Firstly, it’s only fair to point out that doing comms for Strathclyde Police or the SFA is a world away from running a serious political campaign. Nevertheless, as the side supporting the most popular position of ‘not independence’, he and they obviously thought all that had to be done to hold on to those voters until September 18 was to give them reasons not to vote ‘Yes’. So long as there was no poll movement and the media played ball, there’d be no worries.

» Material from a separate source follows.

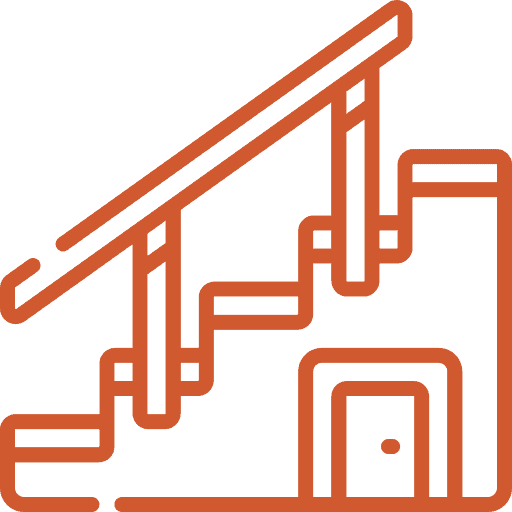 Construction stairs with safety railing at a building site.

Operating on the basis of ‘what we have, we hold’ through consistent denigration of the position of your opponents must have seemed like a good, even a safe idea at the time. However, with the polls now tightening, all the evidence suggests that there is movement towards a ‘Yes’ vote amongst the persuadable. If those ‘aye, but’ voters keep moving towards ‘Yes’ as they appear to be at present, despite the best efforts of 'Project Fear', then we’re in for a very interesting run-in to September.
It could have been so different. They could have run a ‘big tent’ campaign which aimed to broaden support for the union. A campaign which reached out to supporters of more powers, even one which would have made ‘yes’ supporters feel more positive about the outcome of a ‘no’ vote. A campaign which in contradistinction to where they are now, would have made Scots of all stripes feel good about themselves and their place in the world, which could have won big and won with some class.

Instead, Better Together would be better named ‘Worse Apart’. Their campaign lurches from one under-scrutinised stunt to another with little sense of coherence, offering voters no reason to feel in any way positive or empowered about what they are being asked to do.

Seven months out, their key communicators sound shrill, brittle and rattled. Their supporters in the press fair drip with contempt, while the worst of their online supporters could rival any Cybernat for sheer nastiness. This might cater well to the prejudices of their core vote, but increasingly, it appears that they have nothing other than shouty aggression and bureaucratic obstructionism with which to try and retain a hold over the undecideds and soft ‘No’ voters. 
Frankly, even allowing for his lack of relevant political experience, I’m still not certain if I would have expected better from Rob Shorthouse or not. One thing’s for sure - whatever the outcome - he won’t allow it to get in the way of his next job.